Ajaran Sahl yang diterimanya menitikberatkan pada ikhtiar,
mujahadah, dan latihan zuhud. Dengan mengikuti ajaran Sahl, Abu Abdillah bin
Salim ingin mencapai kesempurnaan mujahadah. Sahi pernah berucap kepada para
muridnya, termasuk dirinya, “Berusaha-keraslah untuk berucap secara
terus-menerus selama satu hari ‘Ya Allah, ya Allah, ya Allah’, dan lakukanlah
hal yang sama pada keesokan hari dan lusanya hingga kau terbiasa dengan
mengucapkan kata-kata itu.”
Kemudian Sahl memerintahkannya untuk mengulang-ulangnya di malam
hari, dan akhirnya ia terbiasa mengucapkannya sekalipun dalam keadaan tidur. Selanjutnya Sahl mengajarkan lagi, “Jangan ulangi lagi itu, tetapi
biarkan semua indramu terikat untuk berdziklr kepada Allah.”
Seorang murid, ketika dalam perjalanan pulang ke rumah, tertimpa
sebuah kayu, dan mengalirlah darah hingga menetes ke tanah. Subhanallah,
tetesan darah di tanah itu membentuk lafaz Allah.

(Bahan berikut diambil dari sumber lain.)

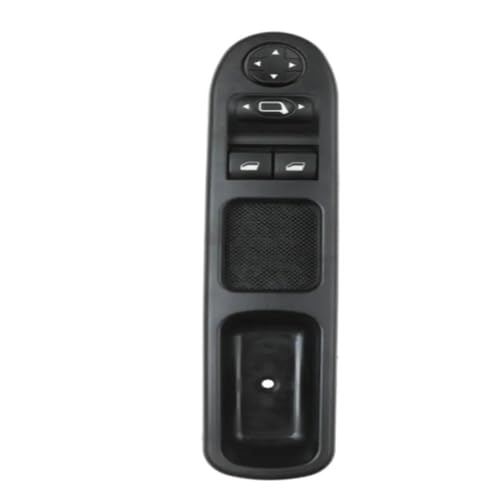 Interrupteur lève-vitre pour 207 et 207CC avec commande de rétroviseur pliable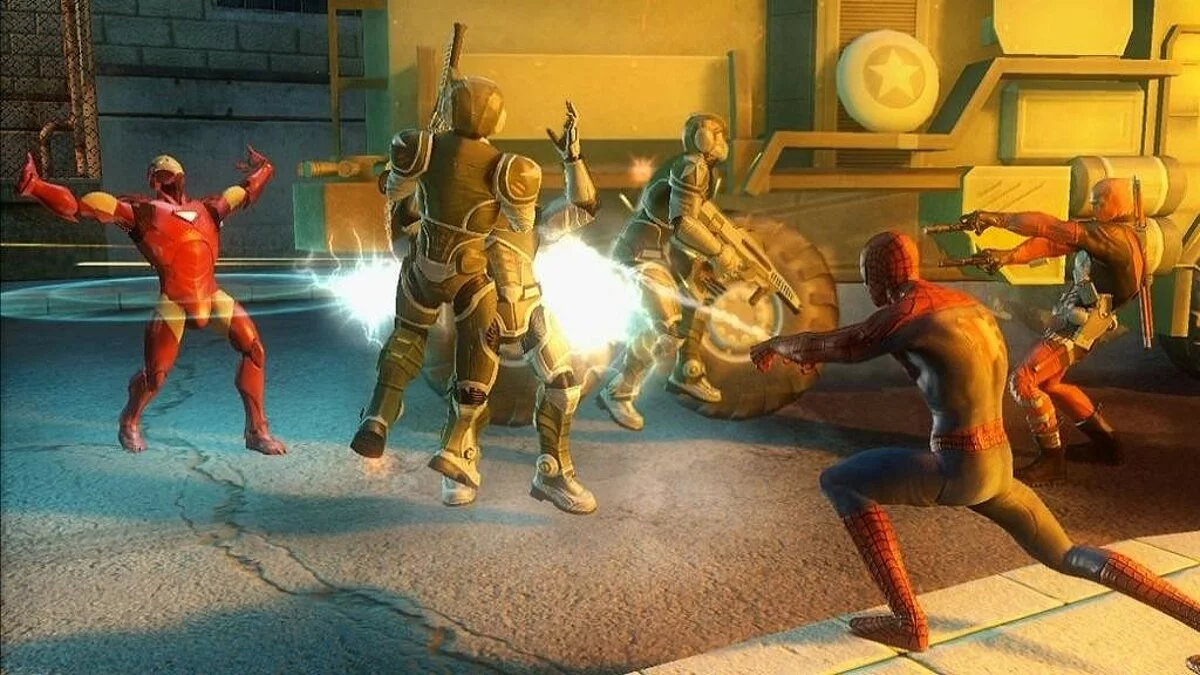 Скриншоты из Marvel Ultimate Alliance 2 / Картинка 84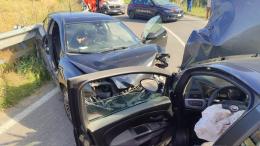 Borgo San Siro, scontro tra due auto: coinvolte quattro persone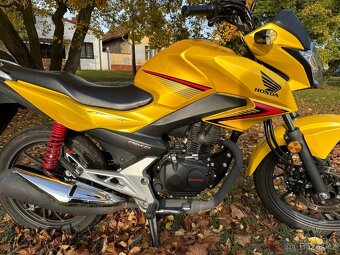 Honda CBF 125 2020 najeto pouze 15tkm - 4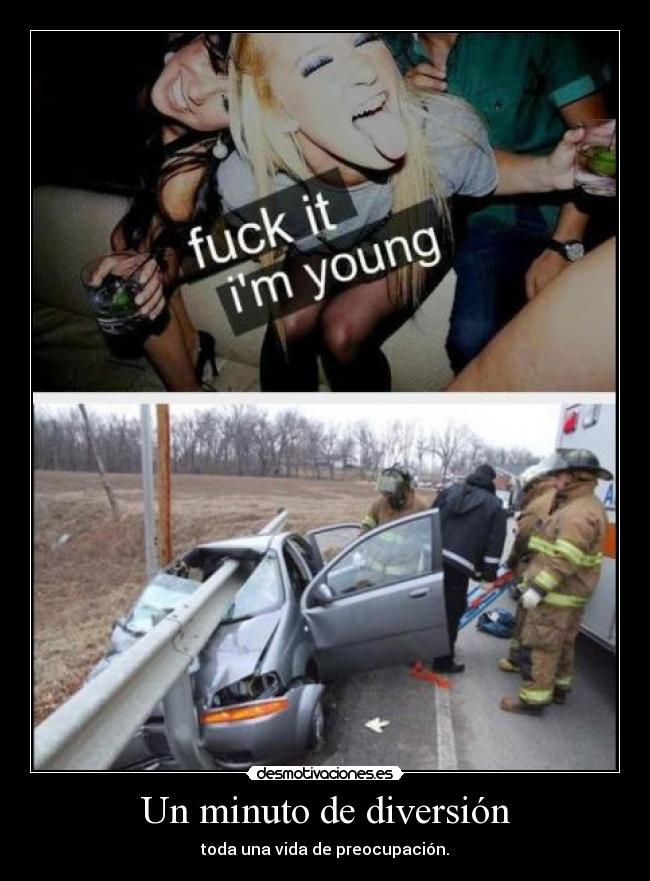 carteles vida corta disfrutala sin arruinarla idiota notengoclan desmotivaciones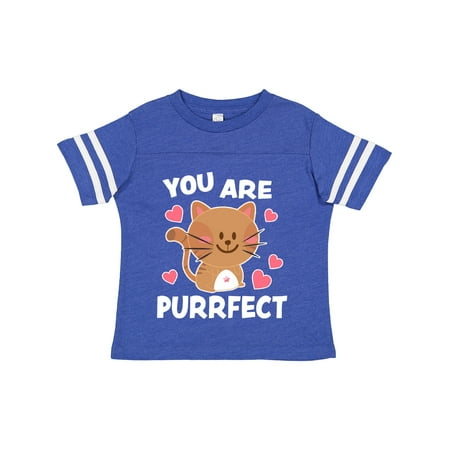Inktastic You Are Purrfect with Cute Cat and Hearts Pink Gift Toddler Toddler Girl T-Shirt
Inktastic You Are Purrfect with Cute Cat and Hearts Pink Gift Toddler Toddler Girl T-Shirt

Tarekat Sahli mendidik murid dengan perbuatan mujahadah dan
disiplin. Obyek semua disiplin keras dan amalan mujahadah adalah penolakan
kepada jiwa yang rendah, sehingga seseorang mengetahui jiwa rendahnya tersebut.

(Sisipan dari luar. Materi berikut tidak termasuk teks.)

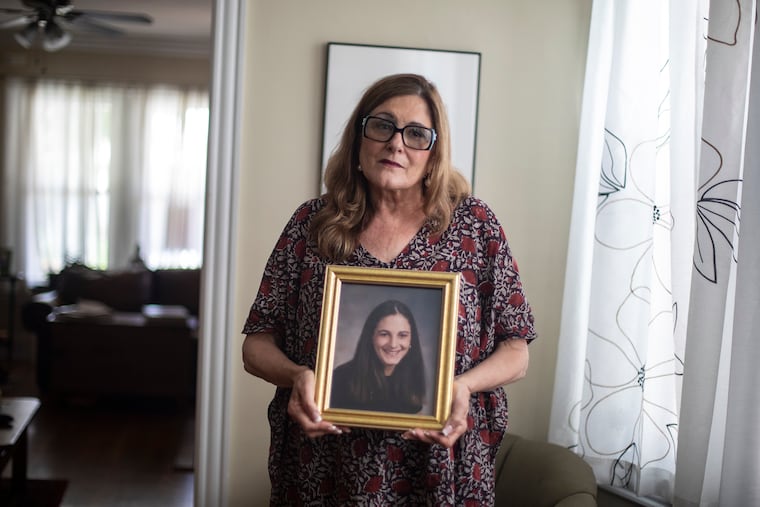 Elise Schiller, of Germantown, lost her youngest daughter, Giana Natali, to an overdose in 2014. Her memoir,"Even if Your Heart Would Listen: Losing My Daughter to Heroin," offers a condemnation of the treatment system that failed her.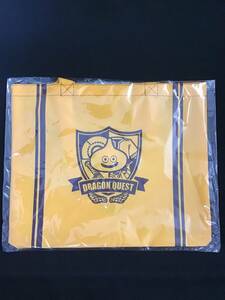 [ unopened ] Dragon Quest .... place special F. tote bag yellow 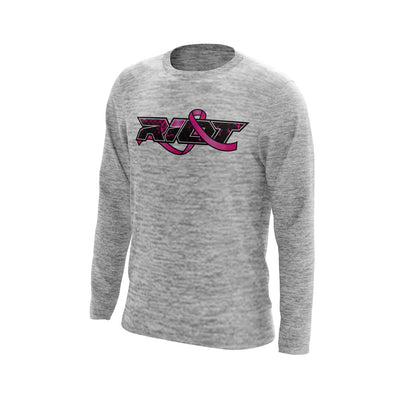 Silver Electric Long Sleeve with BCA Riot Logo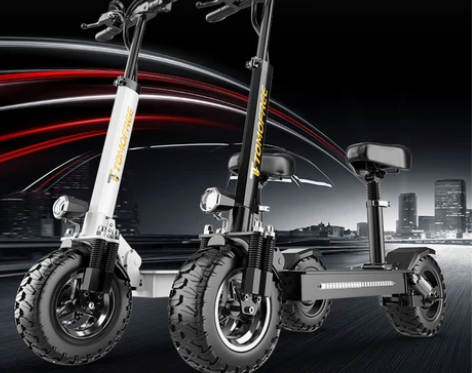 Tomofree电动滑板车坐骑折叠电动车代...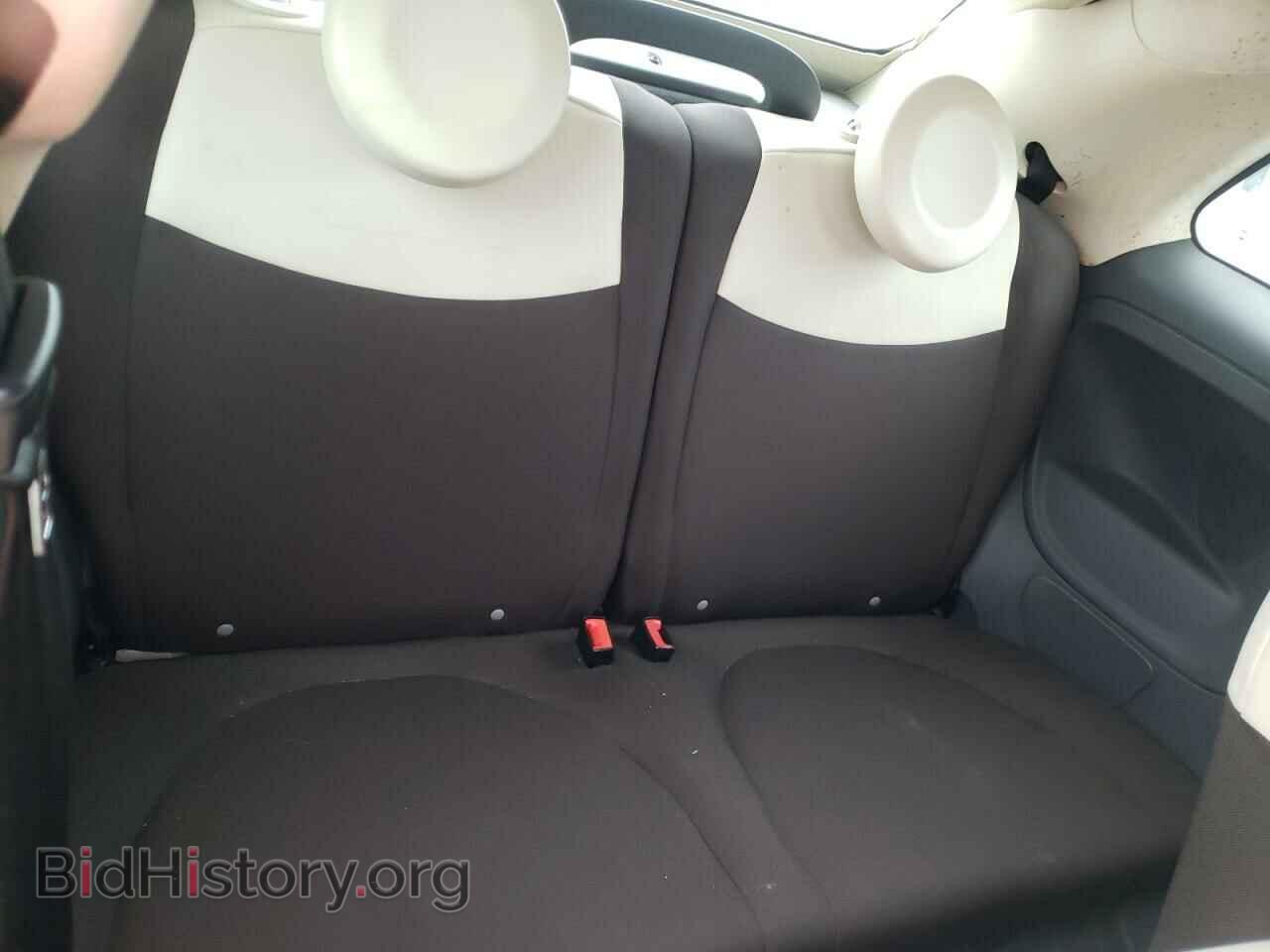 2013 FIAT 500 - VIN: 3C3CFFDR9DT627557 - Фото 6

Ibnu Salim Al-Kabir, begitulah ia disebut, demi membedakannya
dengan putranya yang mendapat panggilan Ibnu Salim Ash-Shagir, pernah
mengucapkan sesuatu yang kontroversial. “Pada zaman azali (tak bermula dalam
zaman), Allah melihat (ra’a) segala sesuatu.”
Menanggapi pernyataan itu, Syaikh Abu Abdillah bin Khafif, salah
seorang sufi besar waktu itu, mengatakan, “Pernyataan itu berkonsekuensi logis
menetapkan keqidaman (tak berawalnya) zaman.”

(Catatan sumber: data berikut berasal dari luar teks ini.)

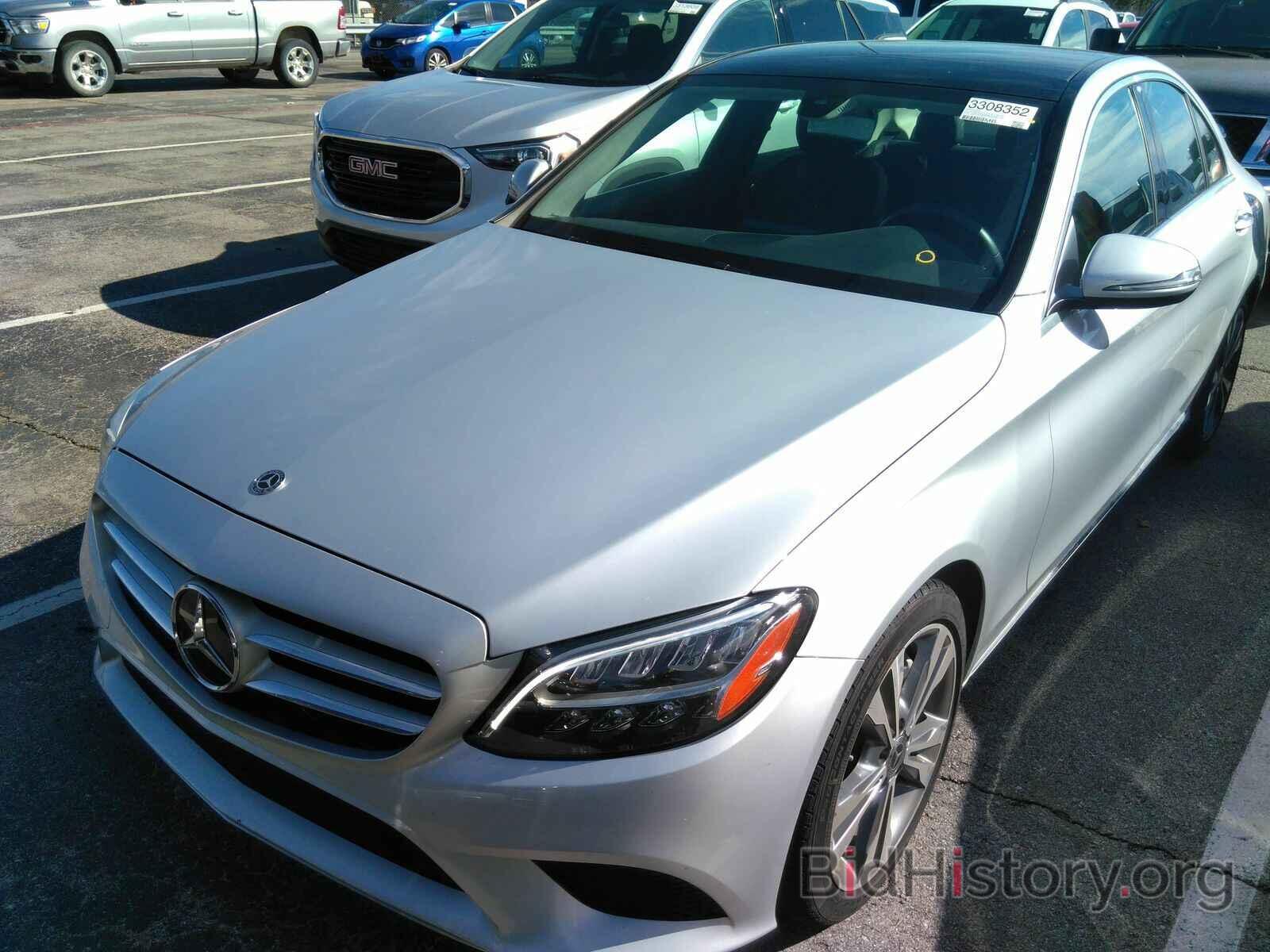 Photo 55SWF8DB8KU286735 - Mercedes-Benz C-Class 2019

Salah seorang sufi mengatakan, “Bisa juga yang dimaksud Syaikh Abu
Abdillah bin Salim dengan ru’yah (melihat) dalam pernyataan itu adalah
mengetahui.” Karena pernyataan Abu Abdillah bin Salim itu, masyarkat Bashrah
mendiamkan dan menjauhinya.
Pada masa tuanya, Abu Abdillah bin Salim banyak menerima
pertanyaan. Salah satunya, “Dengan ukuran apa kita bisa mengenali wali Allah
di antara sekian manusia?” Pertanyaan Inilah yang menguras pengetahuannya, sebab prinsip dan
dasar tasawuf dan pengetahuan Ilahi terdapat pada kewalian.
Wali dalam makna aktif adalah “orang yang berhasrat” (murid).
Sementara dalam makna pasif, wali menunjuk pada “orang yang menjadi obyek
‘hasrat’ Allah” (murad). Allah bisa menjadi pelindung sahabat-sahabat-Nya, dan
Dia menjanjikan perlindungan-Nya kepada para sahabat Rasul, dan menyatakan
bahwa orang yang tidak beriman tidak mempunyai pelindung (mawla).
Abu Abdillah bin Salim menjawab setiap pertanyaan dengan
kelembutan tutur, kebaikan budi, keceriaan wajah, dan kemurahan hati. la
mengasihi semua manusia, tanpa memandang baik dan buruk budi mereka. Abu Abdillah bin Salim meninggal
di Bashrah (Irak) pada tahun 297 H/910 M.